**Work item**
Give again, unaltered, the line with "The next views" and all lines that follow it in the listing below, minus any pictures.

**Available data**
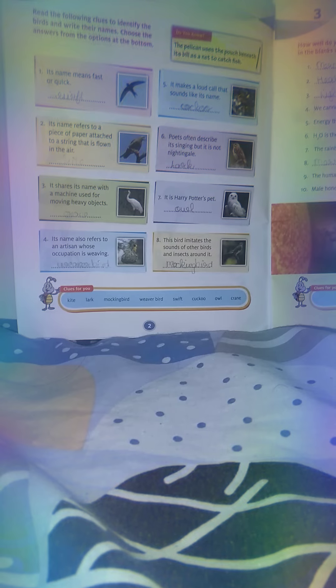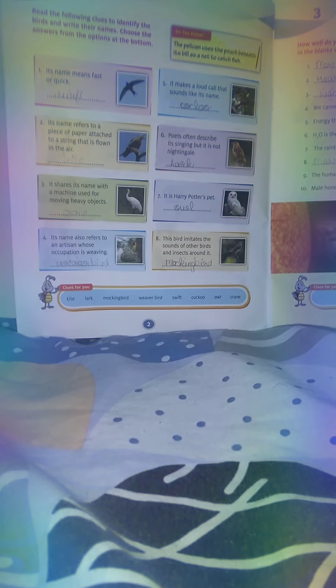Question number 2: Its name refers to a piece of paper attached to a string that is flown in the air. Answer: Kite.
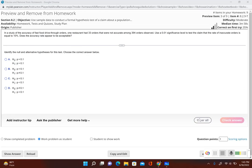In this problem we're going to go through the whole process of conducting a formal hypothesis test. In section 8.2 we only take a look at testing the claim made about a population proportion. In a study of the accuracy of fast food drive-thru orders, one restaurant had 33 orders that were not accurate among 394 orders observed. Use a 0.01 significance level to test the claim that the rate of inaccurate orders is equal to 10%. Does the accuracy rate appear to be acceptable?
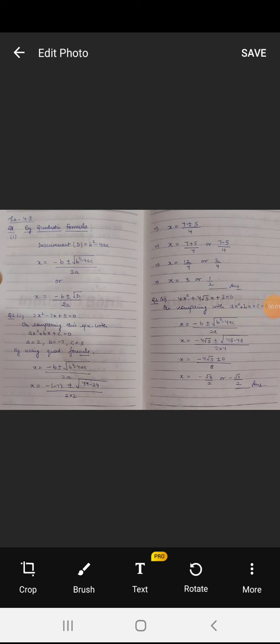Good morning students. Today we will do quadratic formula exercise 4.3, question number 2, which is based on this formula.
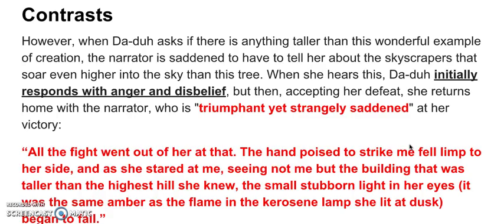However, when Da-Duh asks if there is anything taller than this wonderful example of creation, Pauli Marshall is sad when she has to tell her about the skyscrapers in New York that rise even taller into the sky — one of which is the Empire State Building. When the grandmother hears this, first of all she responds with anger and disbelief. She can't possibly believe that anything bigger exists, and she thinks that the narrator is lying. But then, after a while, she accepts that in fact she has lost — her home island has lost the competition to New York.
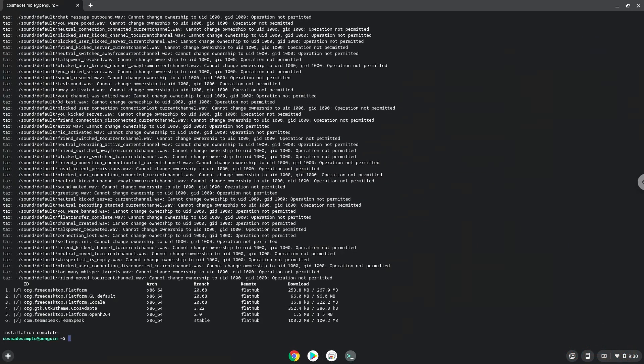TeamSpeak is now installed on our Chromebook. To enable audio input, we need to enable audio for Linux apps. We need to do it every time. Let's do it now.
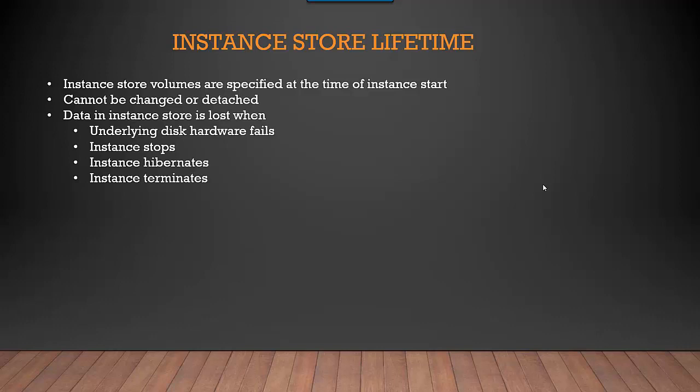Don't store any data that is really important to you. Any data sets which you want for further use should not be stored on an Instance Store. Obviously, when you terminate an instance, you cannot access it anyway, so all the data is lost. In this video, we spoke about the Instance Store, the lifetime of the Instance Store, and an overview of Instance Store.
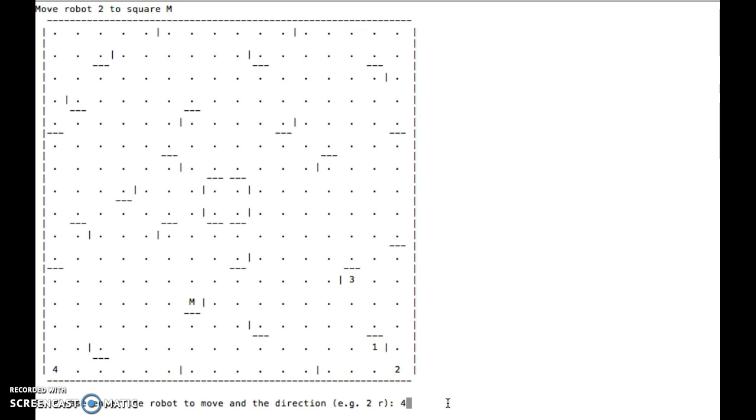And if we put the wrong thing in, 4 goes up. If I put the wrong letter in like that, it gives me an error message and allows me to retry. And that's just off the screen right now for that part of it.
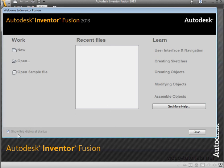Down below we've got a checkbox, Show This Dialogue at Startup. Uncheck it if you don't want to see the Welcome screen anymore.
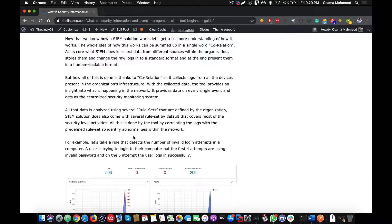It will compare the current traffic with the previously identified malicious traffic and then perform analysis of the logs to detect an attack. This is how a SIEM solution works.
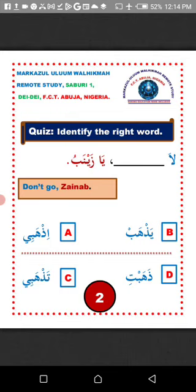The verb we are going to use to fill in the gap must start with ta'un, and the verb must represent a single female person that is being commanded not to go. Ya'un must be attached to the last letter of the verb.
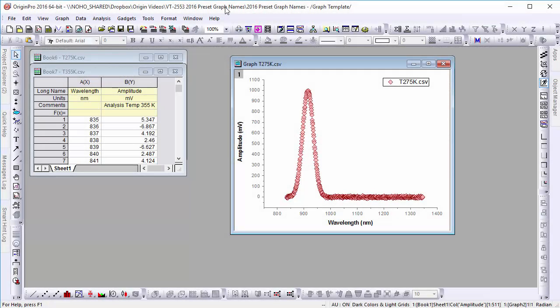Hi, this is Chris from OriginLab. New in Origin 2016 are preset names and graph templates and batch plotting.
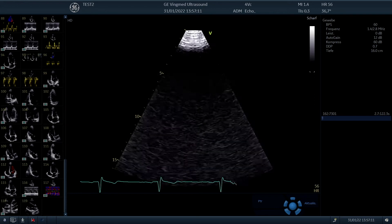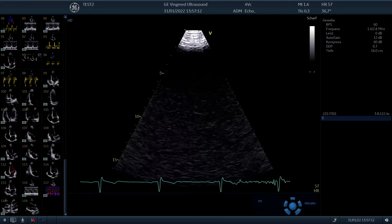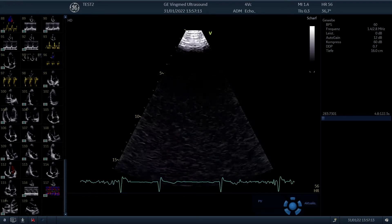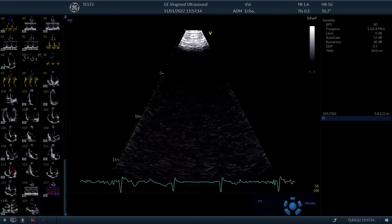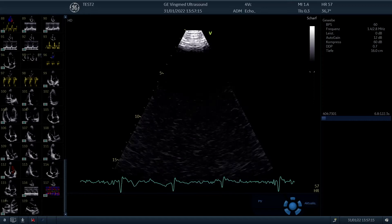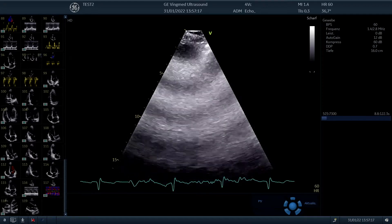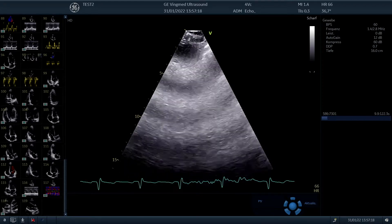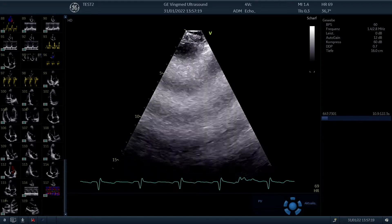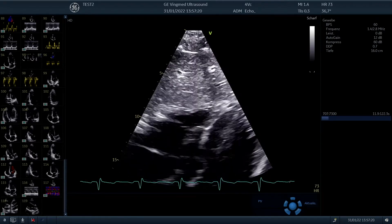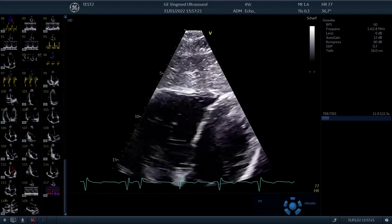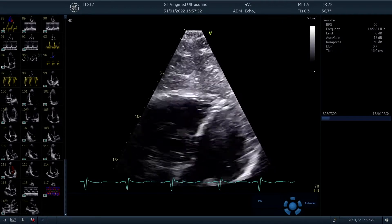The next views we are going to acquire are the subcostal views. There is not only one view, as you might know — there are several views. We start with the subcostal four-chamber view.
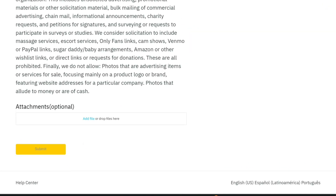The Grindr team can take 24 to 48 hours to respond to your ticket. You can also send them an email to support at the Grindr.com address. Be sure to include your account username and send the email from the email address associated with your Grindr account, along with a description of the issue you're experiencing. Note: if you have tried the above steps and are still unable to unban your account, you may want to consider creating a new account. Be sure to follow Grindr's terms of service and community guidelines to avoid any further issues.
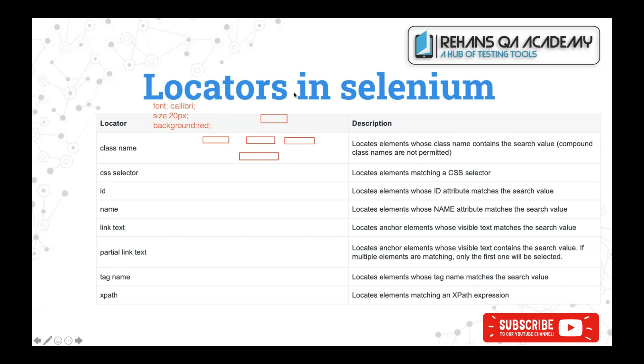We should be very strong in writing XPath and CSS selector. Now let us understand how to use all these eight locators to identify web elements on the web page.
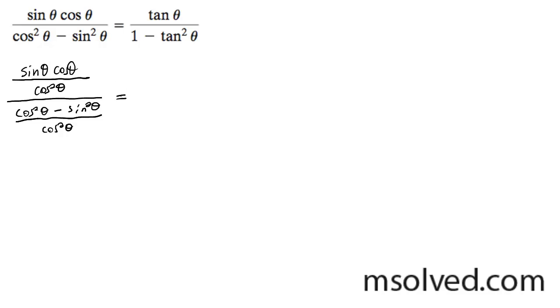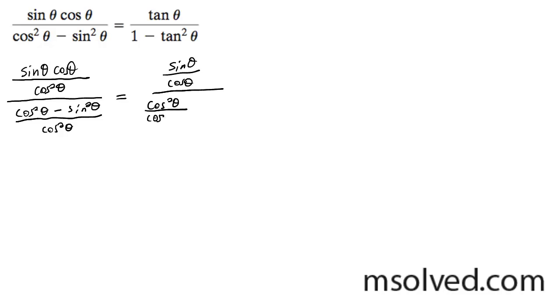So what happens here is cosines cancel out, so you get sine of theta over cosine of theta, and over here you get cosine squared theta over cosine squared theta, which ends up being 1 minus sine squared theta over cosine squared theta.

**Answer space**
The next views we are going to acquire are the subcostal views. There is not only one view, as you might know — there are several views. We start with the subcostal four-chamber view.
The Grindr team can take 24 to 48 hours to respond to your ticket. You can also send them an email to support at the Grindr.com address. Be sure to include your account username and send the email from the email address associated with your Grindr account, along with a description of the issue you're experiencing. Note: if you have tried the above steps and are still unable to unban your account, you may want to consider creating a new account. Be sure to follow Grindr's terms of service and community guidelines to avoid any further issues.
We should be very strong in writing XPath and CSS selector. Now let us understand how to use all these eight locators to identify web elements on the web page.
So what happens here is cosines cancel out, so you get sine of theta over cosine of theta, and over here you get cosine squared theta over cosine squared theta, which ends up being 1 minus sine squared theta over cosine squared theta.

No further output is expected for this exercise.